In our case, the range of X = { 0, 1, 2 } :
0 when the outcome is TT
1 when the outcome is HT or TH and
2 when the outcome is HH

Each of these numbers is associated with a probability. The expression of the probability of each outcome is called the probability mass function. In our case the probability mass function is:

p(0) = 1/4
p(1) = 1/2 and
p(2) = 1/4

Sequence of Random Variables
Stochastic processes require the understanding of the concept of a sequence of random variables. For this, we need to consider a different experiment.

Consider a telephone switchboard that can handle up to 100 simultaneous calls. Define a random variable (an interesting numerical property of the experiment) X as the number of active calls at a given instant of time. The range of this random variable is { 0, 1, 2, ... 100 } which represents the specific number of possible active calls at any given time.

X has a probability mass function that describes the probability of each of the following:
0 active calls,
1 active call,
2 active calls and so on up to
100 active calls.

Now consider a related random variable X1 which is the number of active calls at exactly 10:00 am. And another random variable X2 which is the number of active calls at 10:05 am and so on till X100 which is the number of active calls around ten hours later.

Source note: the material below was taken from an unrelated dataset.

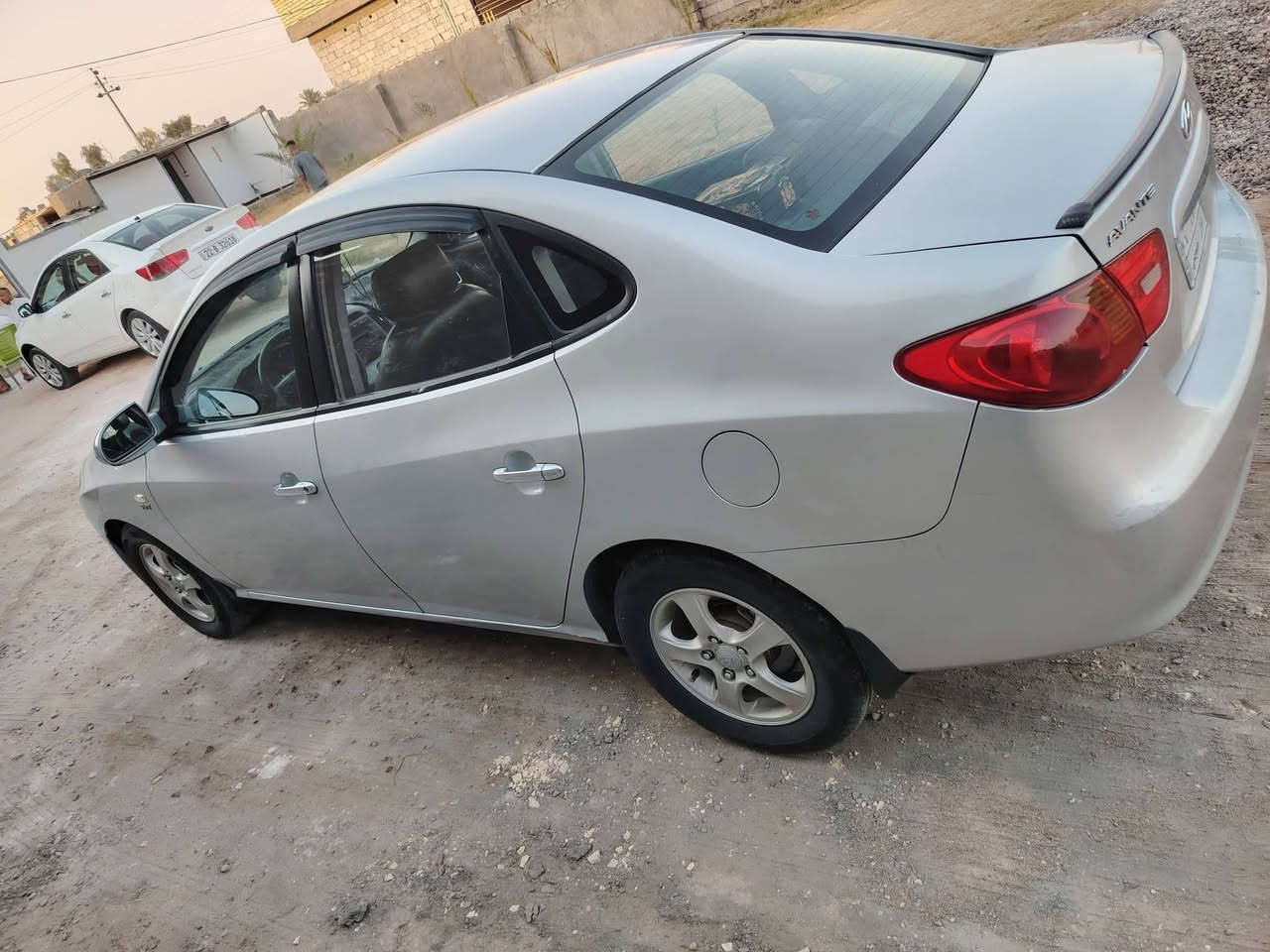 اسلام عليكم افانتي 2007 رقم ديالى مشروع وطني باسمي تحويل مباشر محرك 1600 دكشن عالي  السياره بيها مكانات صبغ ابيعك حزام مواصفات فتحه سقف تحكم ستيرن كشنات حراريه تبريد ثلج كيج حماوه  داخل اسود صدر جديد تخم تاير السياره كلش نضيفه ما تصرف عليها ربع  السعر 90 وبيها مجال 
العنوان بابل لتواصل ***********
***********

X1 to X100 is a sequence of random variables. They all have the same probability mass function. And we could make the simplifying assumption that they are all independent (most calls dont last longer than 5 minutes). In that case, this sequence of random variables is said to be independent and identically distributed (abbreviated as "iid").

Stochastic Processes
Average:
Let us consider the average of the sequence of random variables:
A = (X1 + X2 + ... + Xn) / n

This means that to find the average number of active calls at any given time, we would add up the values obtained for all the measurements and divide by the total number which is the usual sense of average.

Stochastic Process:
Suppose we consider the outcome of the whole sequence [X1, X2, X3...Xn] as a list. For example, in one experiment we may get the result [32, 35, 40, ..., 22, 23] as the number of active calls at different times. This is one possible outcome of the joint sequence.

Such a joint sequence is called a stochastic process. It is described by the joint probability mass function which is the product of the individual probabilities of the Xi's.

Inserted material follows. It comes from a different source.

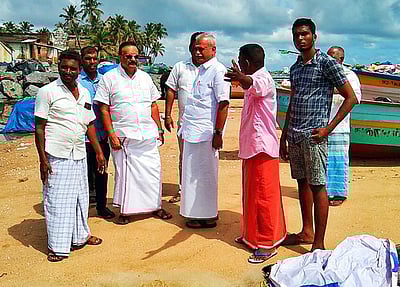 காலாப்பட்டு பகுதியில் கடல் அரிப்பு: வெ.வைத்திலிங்கம் எம்.பி. ஆய்வு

For example, the probability of getting the vector [32, 35, 40, ..., 22, 23] will be given by the product of the probabilities of getting 32 and 35 and 40 and ... and 22 and 23:

p(32, 35, ...23) = p(32) x p(35) x ... p(23).

It gives a complete progression of a sequence of random variables and it has a probability associated with each of the possible outcomes.

Markov Chains
Consider a stochastic process defined by the unending sequence X1, X2,...Xn.... of random variables. Add to this stochastic process the property that the probability of the next random variable in the sequence depends on the value of the previous random variable. Such a stochastic process is called a markov chain. The term "chain" comes from the property (described in detail below) that gives the probability of going from one Xi to the next Xi+1.

Adding this property implies that the probability of Xn depends on the probability of Xn-1. But, Xn-1 could represent a hundred different values from 0 active calls to 100 active calls and Xn itself could represent a hundred different values. This means that there is a probability of Xn-1 being, say, 10 and Xn being 93; and any other possible combination.

This kind of thing can only be defined by a 100 X 100 matrix which we cant show here, but if we were to reduce the problem to a maximum of 3 active calls, we would get a matrix

	0	1	2	3
0	1/2	1/4	1/8	1/8
1	1/4	1/4	2/6	1/6
2	1/8	1/4	1/2	1/8
3	0	1/4	1/2	1/4

The first row of the matrix says that when Xn-1 is 0 then the probability of Xn also being 0 is 1/2 or 50%; the probability of Xn being 1 is 1/4 or 25% and so on.

This matrix is called a transition probability matrix for the markov chain.

Steady State Probabilities
There is an interesting consequence of the markov chain. Since the probability of transition into the next element in the sequence depends on the previous element in the sequence, the probability mass function changes every time the next element in the sequence comes up.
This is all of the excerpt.